The following documentation should answer most of the common questions about how to get starting contributing, if you have any questions, please feel free to ask on the PouchDB Mailing List or in #pouchdb on irc.freenode.net.
Most project discussions should happen on the Mailing list / Bug Tracker and IRC, however if you are a first time contributor and want some help getting started feel free to send a private email to any of the following maintainers:
- Dale Harvey ([email protected], daleharvey on IRC)
- Calvin Metcalf ([email protected])
If you are looking for something to work on, we try to maintain a list of issues that should be suitable for first time contributions, they can be found tagged goodfirstpatch.
- Almost all Pull Requests for features or bug fixes will need tests
- We follow Felix's Node.js Style Guide
- Almost all Pull Requests for features or bug fixes will need tests (seriously, its really important)
- Before opening a pull request run
$ npm test
to lint test the changes and run node tests. Preferably run the browser tests as well. - Commit messages should follow the following style:
(#99) - A brief one line description < 50 chars
Followed by further explanation if needed, this should be wrapped at
around 72 characters. Most commits should reference an existing
issue
PouchDB needs the following to be able to build and test your build, if you haven't installed them then best to do do so now, we will wait.
All dependancies installed? great, now building PouchDB itself is a breeze:
$ cd pouchdb
$ npm install
$ npm run build
You will now have various distributions of PouchDB in your dist
folder, congratulations.
- If you are on windows, you will need
node-gyp
to install levelup, visit https://github.com/TooTallNate/node-gyp#installation for installation instructions.
The PouchDB test suite expects an instance of CouchDB running in Admin Party on http://127.0.0.1:5984, you can configure this by sending the COUCH_HOST
env var.
- PouchDB has been primarily developed on Linux and OSX, if you are using Windows then these instructions will have problems, we would love your help fixing them though.
Run all tests with:
$ npm test
Browser tests can be run automatically with:
$ CLIENT=firefox npm test
or you can run:
$ npm run dev
and open http://127.0.0.1:8000/tests/test.html in your browser of choice.
$ GREP=test.replication.js npm test
or append ?grep=test.replication.js
if you opened the tests in a browser manually
$ COVERAGE=1 npm test
$ COUCH_HOST=http://user:[email protected] npm run dev
or
$ COUCH_HOST=http://user:[email protected] npm test
For quick debugging, you can run an interactive Node shell with the PouchDB
variable already available:
npm run shell
Workflows can vary, but here is a very simple workflow for contributing a bug fix:
$ git clone [email protected]:myfork/pouchdb.git
$ git remote add pouchdb https://github.com/daleharvey/pouchdb.git
$ git checkout -b 121-issue-keyword master
# Write tests + code
$ git add src/afile.js
$ git commit -m "(#121) - A brief description of what I changed"
$ git push origin 121-issue-keyword
The source for the website http://pouchdb.com is stored inside the docs
directory of the PouchDB repository, you can make changes and submit pull requests as with any other patch.
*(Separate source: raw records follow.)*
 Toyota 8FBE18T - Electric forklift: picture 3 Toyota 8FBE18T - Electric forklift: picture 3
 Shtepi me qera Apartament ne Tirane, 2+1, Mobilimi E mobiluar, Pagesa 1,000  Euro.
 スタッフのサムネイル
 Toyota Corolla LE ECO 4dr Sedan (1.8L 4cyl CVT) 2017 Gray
To build and view the website locally you will need to install jekyll then:
$ npm run build-site
You should now find the documentation at http://127.0.0.1:4000
With great power comes great responsibility yada yada yada:
- Code is peer reviewed, you should (almost) never push your own code.
- Please don't accidentally force push to master.
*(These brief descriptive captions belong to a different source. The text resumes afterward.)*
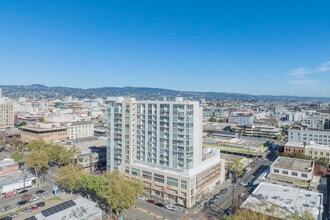 200-222 Broadway, Oakland, CA - Aérien  Vue de la carte - Image1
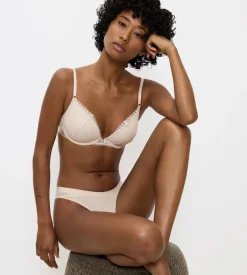 Fuller Cups|Push-up Bras><noscript><img width=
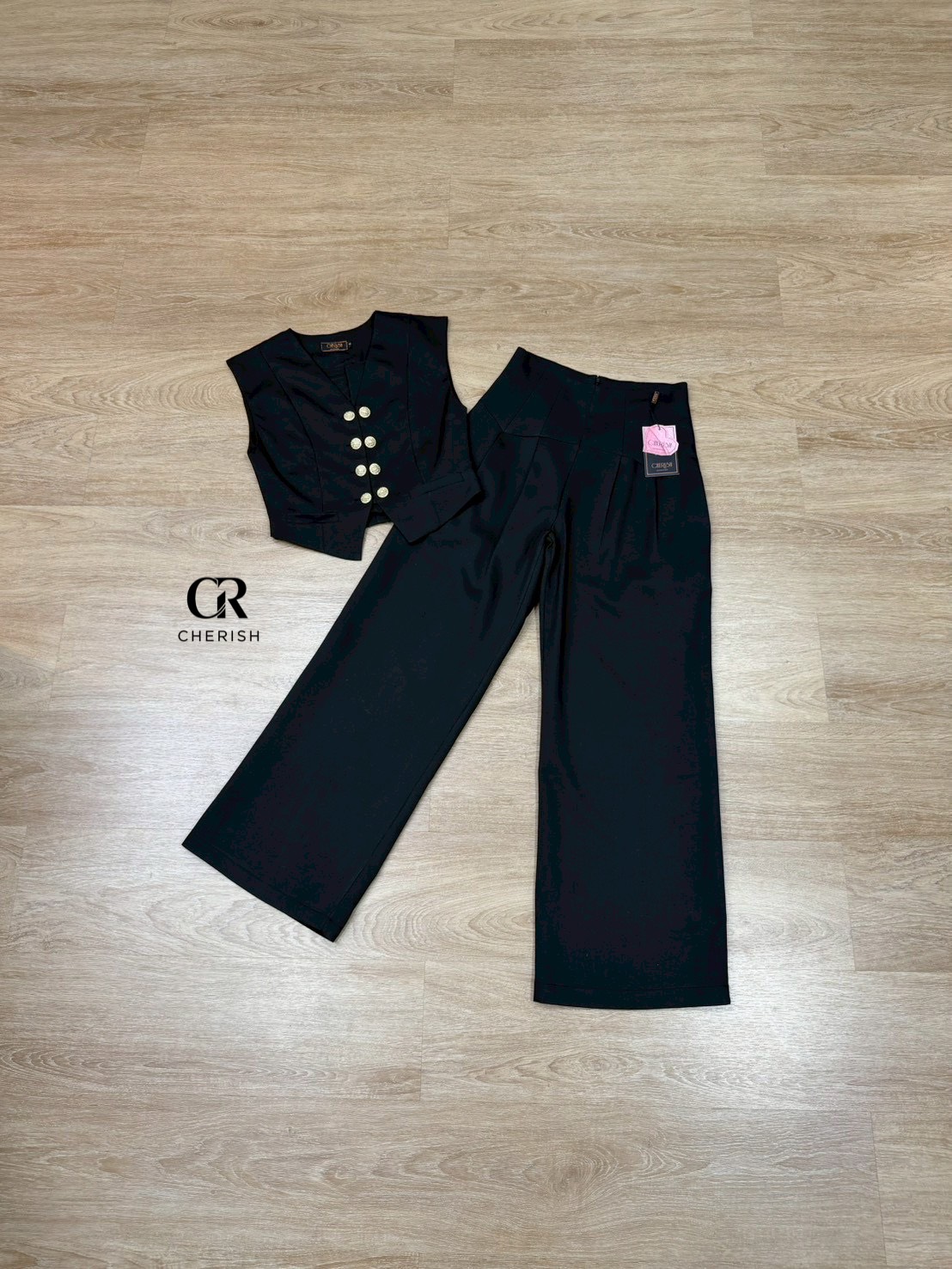 ชุดเซ็ท เสื้อ+กางเกง ตัวเสื้อคอวี แต่งกระดุมสีทองทำให้ดูเก๋มากยิ่งขึ้น มาพร้อมตัวกางเกงเอวสูงขากระบอกใหญ่ใส่สบาย มีกระเป๋า 2 ข้างใช้งานได้จริง ชุดสวยโดดเด่นแบบใหม่ ต้องมีนะคร่า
- Cherry Pick / Rebase commits, don't use the big green button.
- Ensure reviewed code follows the above contribution guidelines, if it doest feel free to amend and make note.
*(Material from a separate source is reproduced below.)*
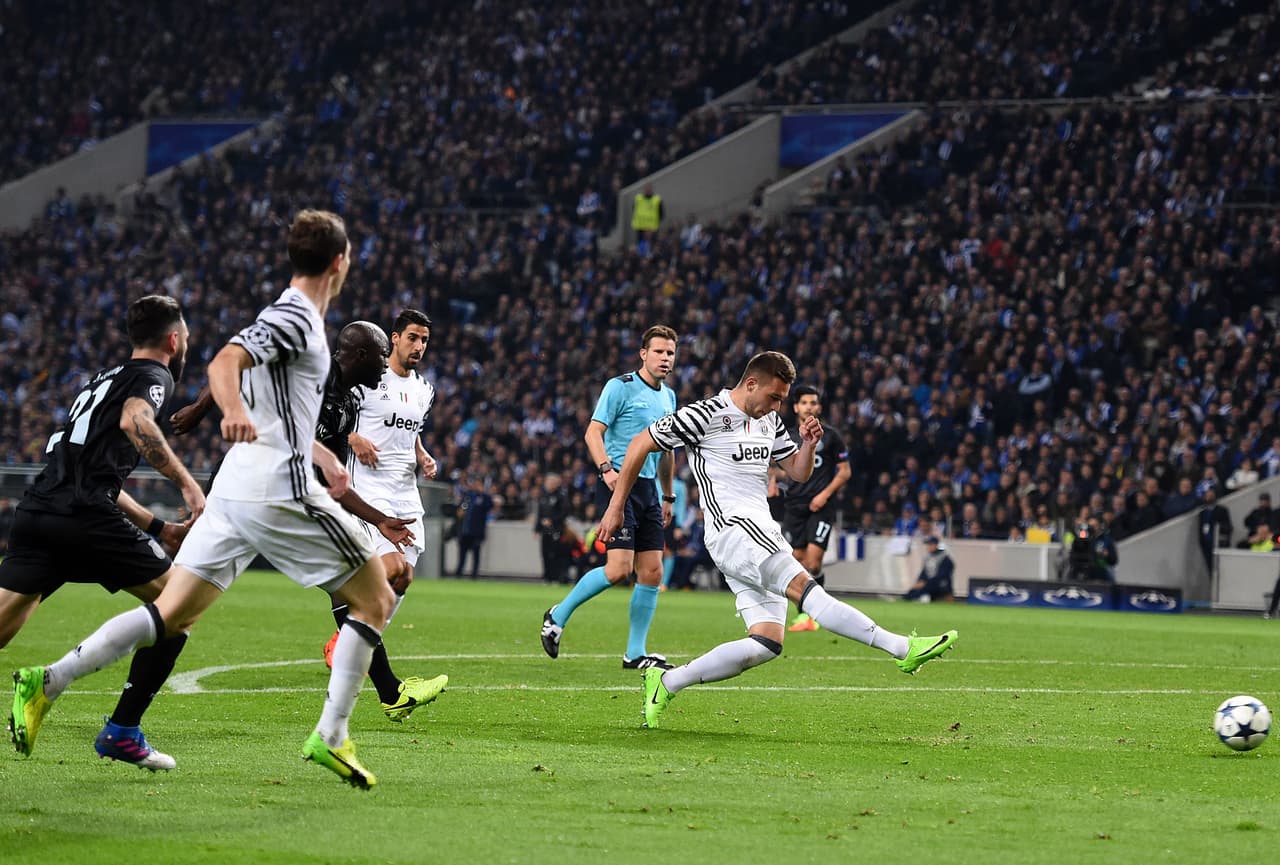 El gol de Juventus llegó por medio de Marko Pjaca, que aprovechó un intento de pared de Dybala y un balón que le rebotó para definir y poner el 0-1 al minuto 27 del segundo tiempo.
- Please try to watch when Pull Requests are made and review and / or commit them in a timely manner.
- After you merge in a patch use tin to update the version accordingly. Run
tin -v x.x.x-prerelease
with x.x.x being the previous version upgraded appropriately via semver. When we are ready to publish to npm we can remove the-prerelease
. - Thanks, you are all awesome human beings.